GOV. CHARLIE BAKER indicated on Wednesday that he doesn’t want a high-stakes procurement process for offshore wind to collapse because of a dispute over the terms of the power purchase contract.

Commonwealth Wind, a 1,200 megawatt project being developed by Avangrid, says the contract it agreed to in May is no longer sufficient to attract financing for the project because of rapid changes in the economy brought about by the war in Ukraine, supply chain issues, inflation, and rising interest rates.

Avangrid has asked the Department of Public Utilities to put off any decision on the contract for at least 30 days to give the company and the utilities that negotiated the original deal time to explore changes that would make the wind farm viable.

But the utilities – Eversource, National Grid, and Unitil – told the DPU on Tuesday that a 30-day delay was unnecessary because they had no intention of renegotiating the contracts and they should be approved as drafted.

Baker, speaking to reporters after a hearing of the Health Policy Commission, said he wouldn’t mind if the utilities and Commonwealth Wind opened negotiations but he said he did not want to see the the procurement process restarted.

“They [Avangrid] can negotiate with the utilities but in terms of reopening the bid, no,” he said.

Baker also suggested the wind farm developer may see profits on the deal improve over time due to technology improvements. “Let’s remember, these are long-term contracts, like really long-term contracts. While there may be some choppy water at the moment with respect to interest rates, supply chains, and all the rest, we’re talking about a deal that basically lasts for 15 years,” he said. “I think it’s premature for people to think that where we sit now is necessarily representative of where things are going to be over time.”

Two other leading offshore wind advocates urged the utilities to at least listen to what Avangrid has to say.

“I don’t think it’s responsible to refuse to talk,” said Ann Berwick, a former chair of the Department of Public Utilities, who said offshore wind is indispensable to the state’s efforts to reach its emission reduction targets.

Bradley Campbell, president of the Conservation Law Foundation, also said the utilities should hear Avangrid out because of offshore wind’s importance to the state’s energy future.
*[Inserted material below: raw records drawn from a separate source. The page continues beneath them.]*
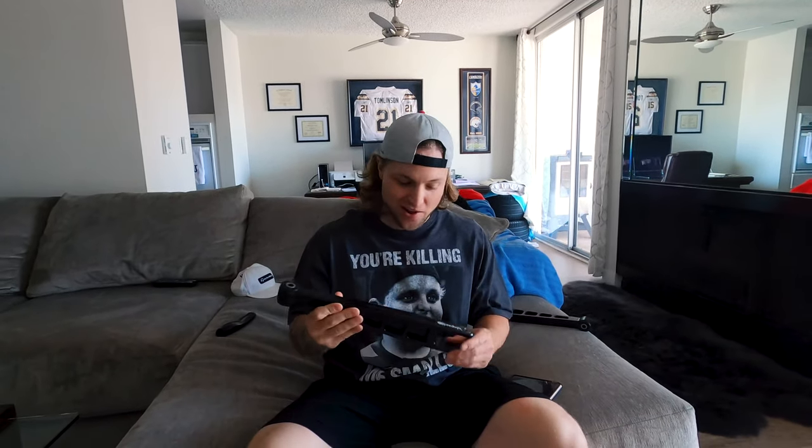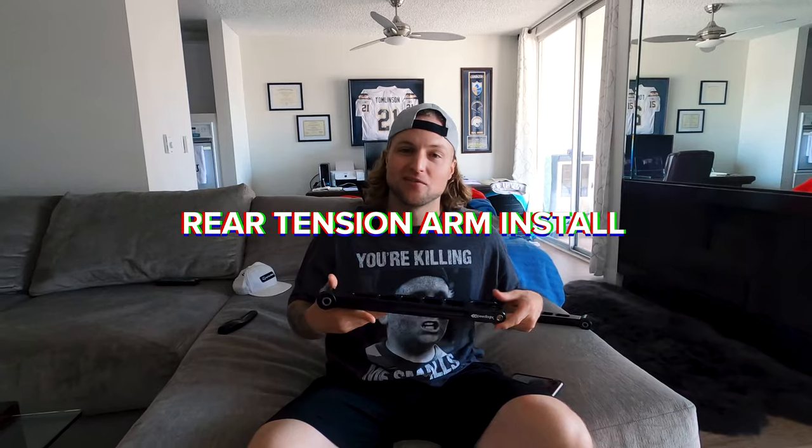What up YouTube! Jordan Lance, Red Eye Racing, back for another video. Today we're gonna install rear tension arms on the Red Eye.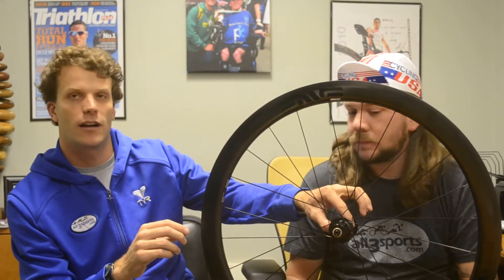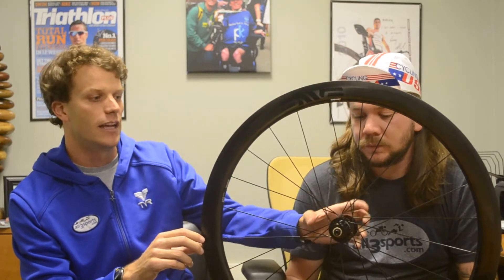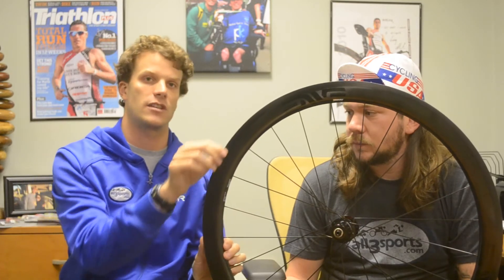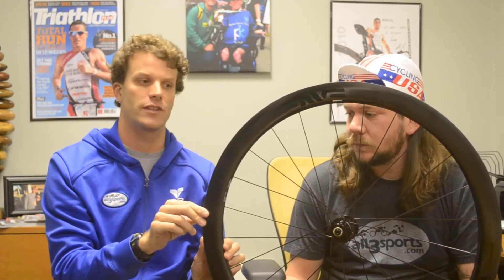Next up, we've got the Envy 3.4. Envy was also one of the top wheels used at Kona, and they're made here in the United States. They come with different hub options — we've got a DT Swiss hub here, and of course you can get Chris King, which is also made in the United States, plus a whole range of options. The Envy wheel uses a smart system that comes straight up into the brake surface, which is a little bit different.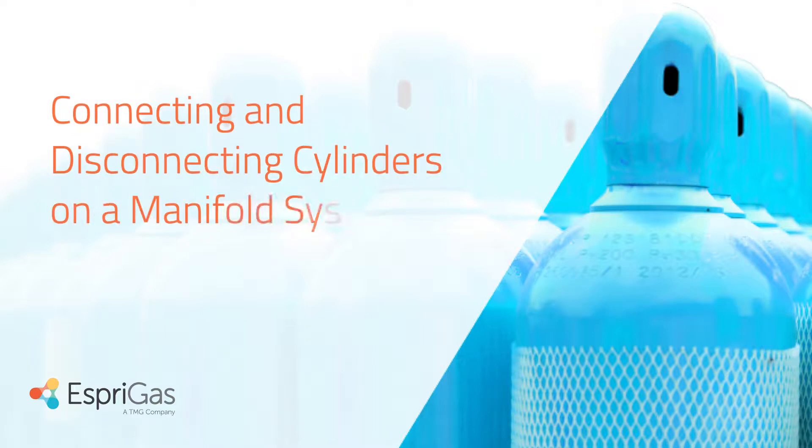Hello and thank you for taking the time to view this safety presentation. Today we are going to discuss the proper way to connect and disconnect cylinders on a manifold system.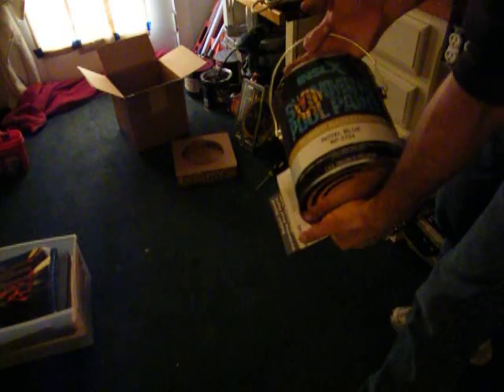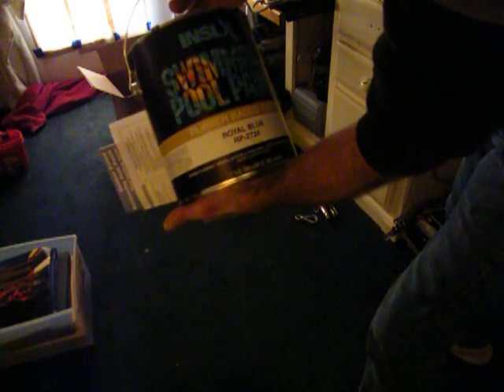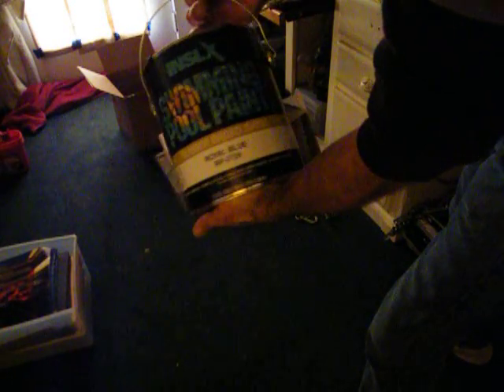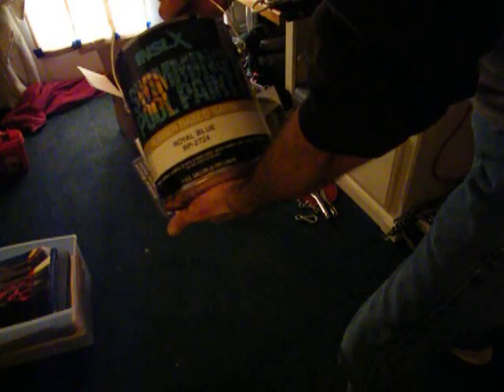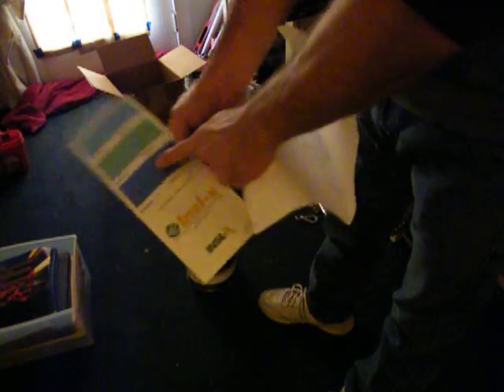What do we have here? No clue, but it's called InSlex — I-N-S-L-X — swimming pool paint, rubber-based satin, all blue, RP2724. Let's take that little bad boy up there, shake it right there. Pretty cool covers and colors.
“This is an opportunity for Governor Baker, who has outsized influence with the utilities, to bring them to the table and broker a solution that keeps New England on track to reap the climate and economic benefits of offshore wind,” he said.

William Hinkle, a spokesman for Eversource, indicated the company’s position has not shifted.

“We are committed to procuring the energy supply needed to provide our customers with the safe, reliable service they need while meeting the Commonwealth’s clean energy goals,” he said. “The contract is filed for approval at the Massachusetts Department of Public Utilities. We are prepared to move forward once all necessary approvals are received, and yesterday’s filing was a step in that effort.